§ EXERCISE
With pictures excluded, retype exactly every line from the one containing "Le Wand Deux" to the end of the records below.

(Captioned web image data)
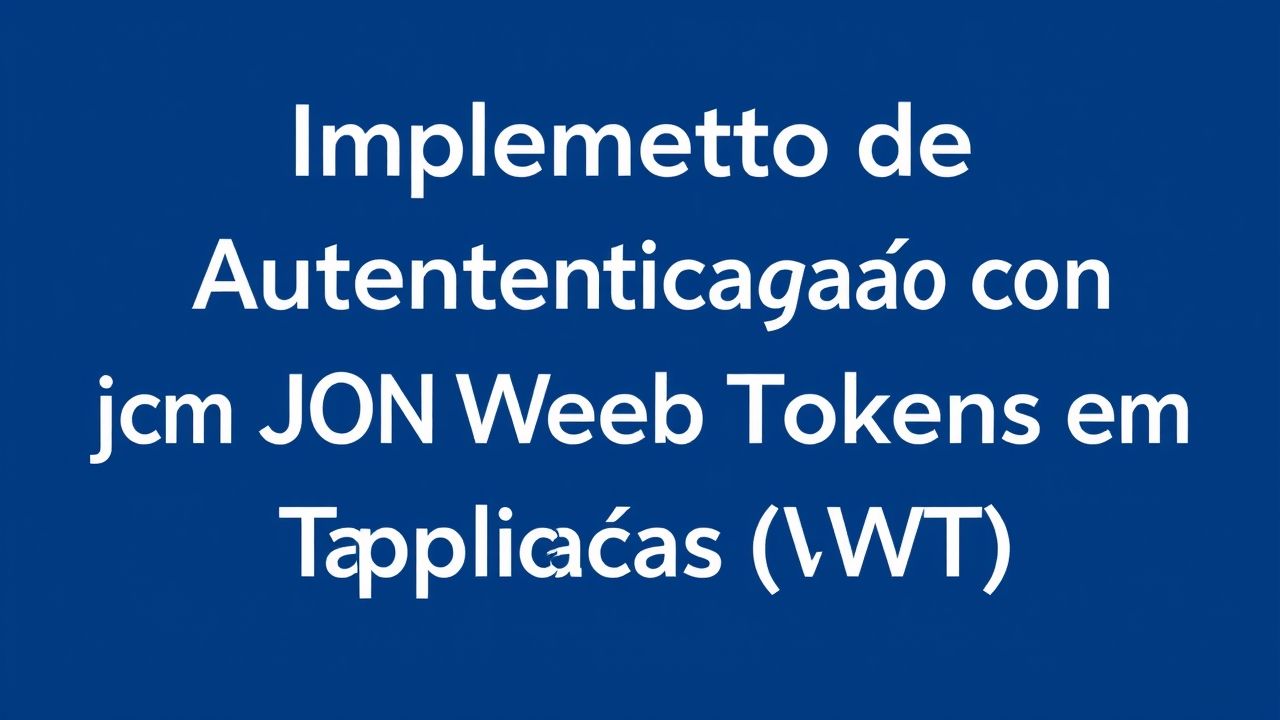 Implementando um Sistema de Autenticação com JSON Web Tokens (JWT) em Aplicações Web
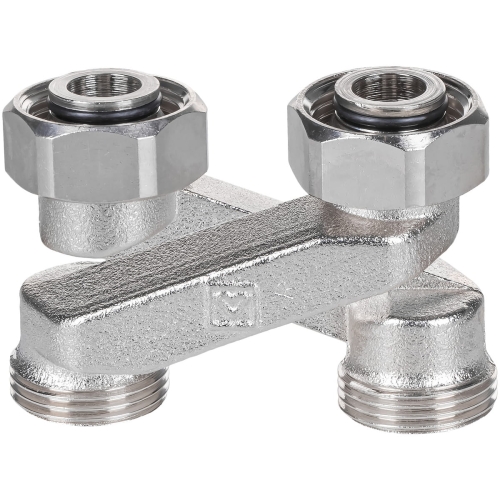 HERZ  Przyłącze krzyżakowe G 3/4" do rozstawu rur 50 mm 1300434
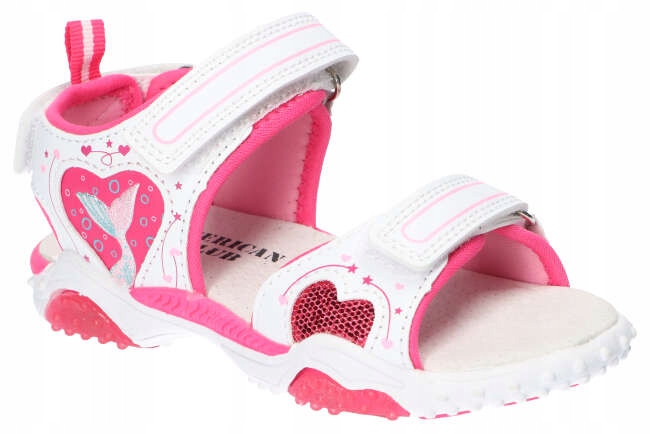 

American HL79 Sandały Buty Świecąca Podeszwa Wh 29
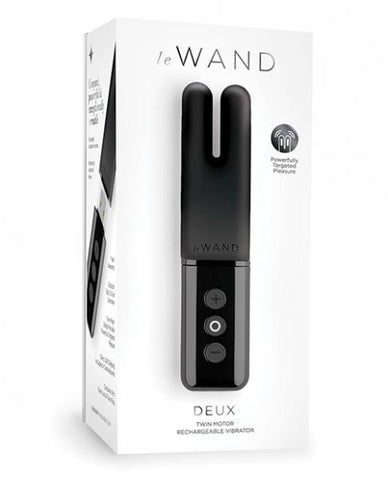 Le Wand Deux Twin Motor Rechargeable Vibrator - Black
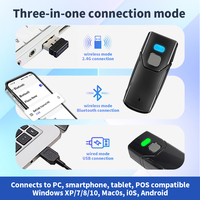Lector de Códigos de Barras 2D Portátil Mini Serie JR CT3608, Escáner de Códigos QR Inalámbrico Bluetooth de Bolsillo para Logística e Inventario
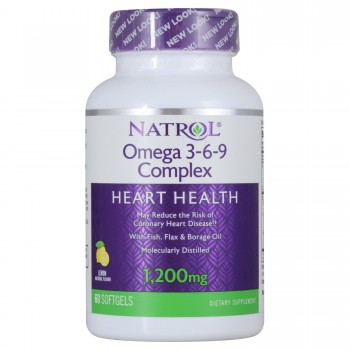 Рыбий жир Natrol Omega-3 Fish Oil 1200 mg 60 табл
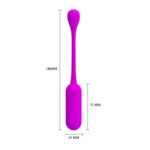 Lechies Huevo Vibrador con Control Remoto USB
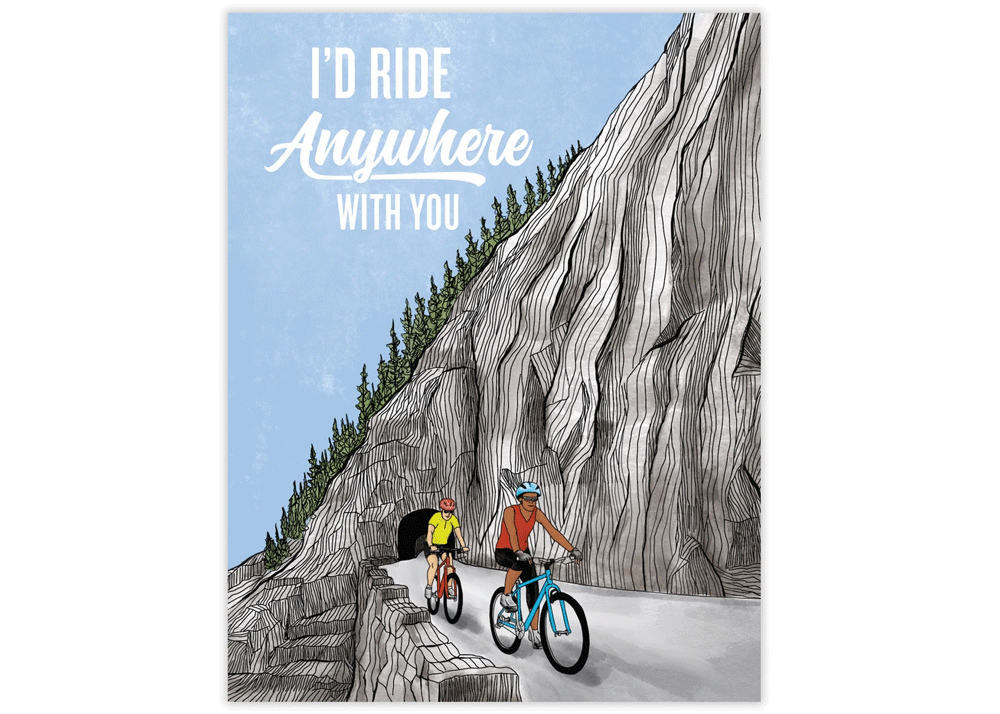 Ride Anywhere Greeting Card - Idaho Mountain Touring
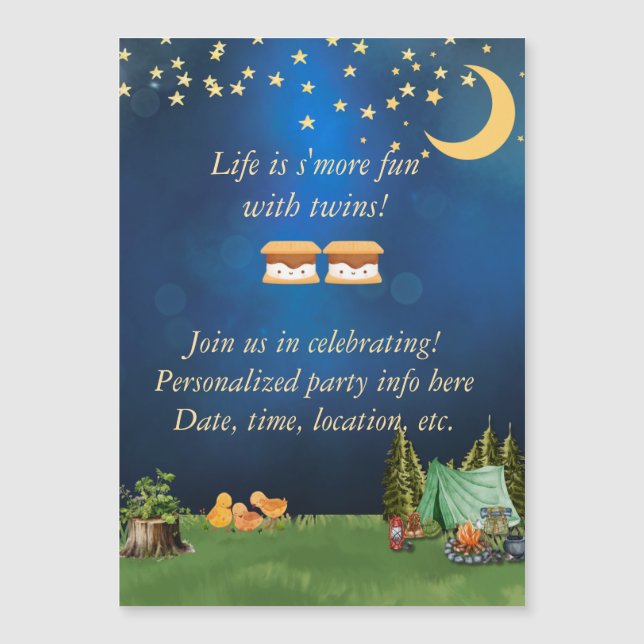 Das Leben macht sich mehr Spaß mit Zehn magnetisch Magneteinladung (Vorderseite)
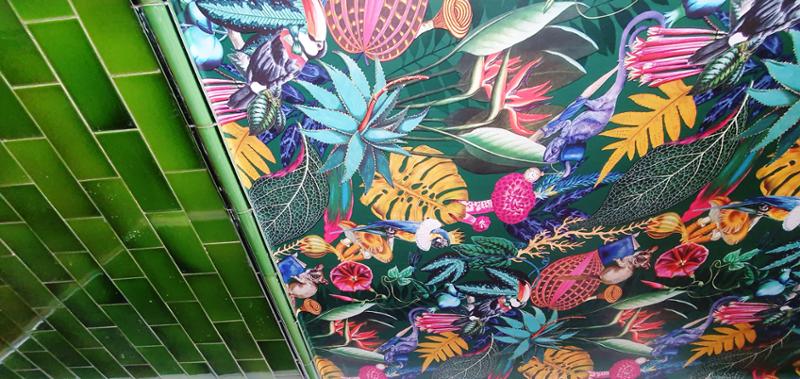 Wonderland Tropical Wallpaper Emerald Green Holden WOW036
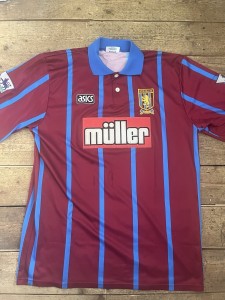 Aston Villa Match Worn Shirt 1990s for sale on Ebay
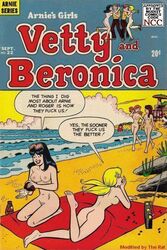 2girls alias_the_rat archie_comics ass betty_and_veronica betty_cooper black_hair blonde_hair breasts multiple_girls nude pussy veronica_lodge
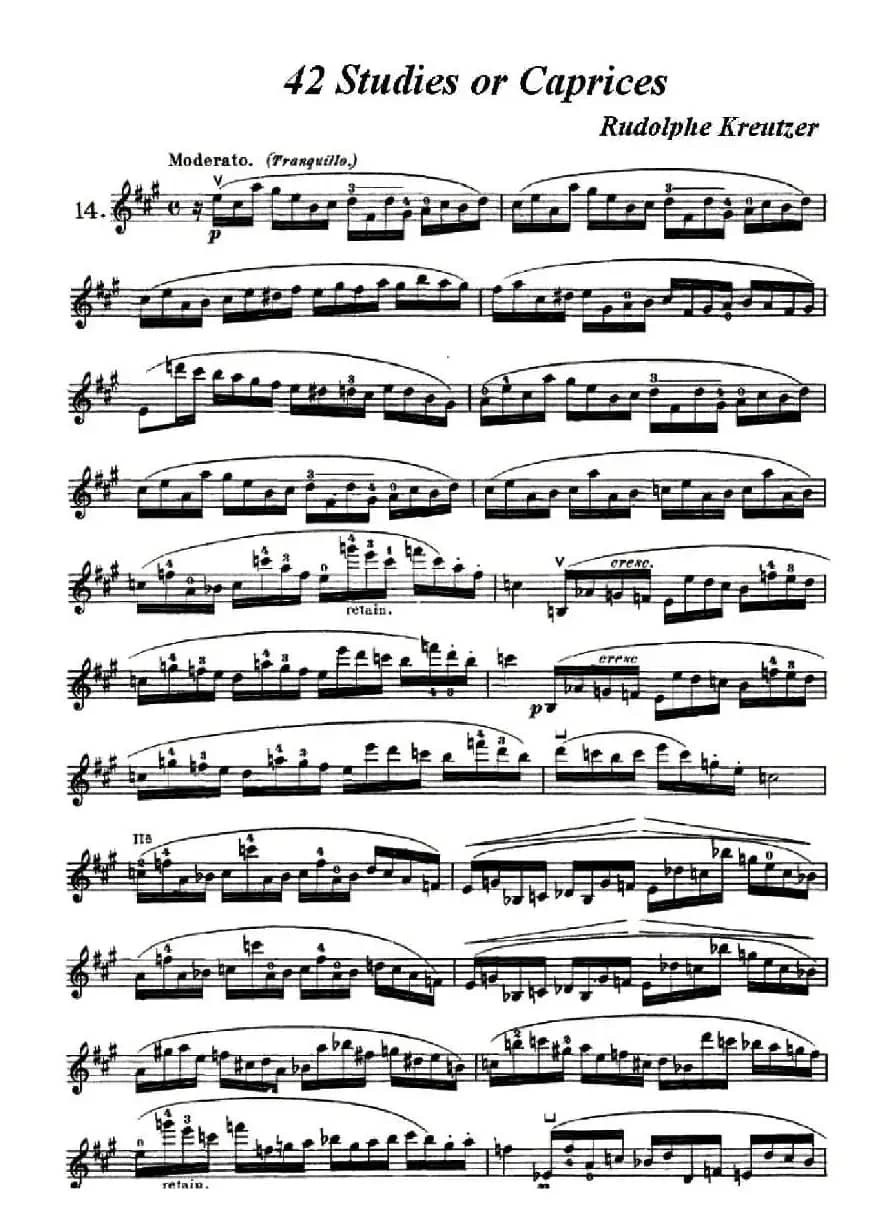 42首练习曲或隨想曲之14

§ ANSWER SPACE
 Le Wand Deux Twin Motor Rechargeable Vibrator - Black
Lector de Códigos de Barras 2D Portátil Mini Serie JR CT3608, Escáner de Códigos QR Inalámbrico Bluetooth de Bolsillo para Logística e Inventario
 Рыбий жир Natrol Omega-3 Fish Oil 1200 mg 60 табл
 Lechies Huevo Vibrador con Control Remoto USB
 Ride Anywhere Greeting Card - Idaho Mountain Touring
 Das Leben macht sich mehr Spaß mit Zehn magnetisch Magneteinladung (Vorderseite)
 Wonderland Tropical Wallpaper Emerald Green Holden WOW036
 Aston Villa Match Worn Shirt 1990s for sale on Ebay
 2girls alias_the_rat archie_comics ass betty_and_veronica betty_cooper black_hair blonde_hair breasts multiple_girls nude pussy veronica_lodge
 42首练习曲或隨想曲之14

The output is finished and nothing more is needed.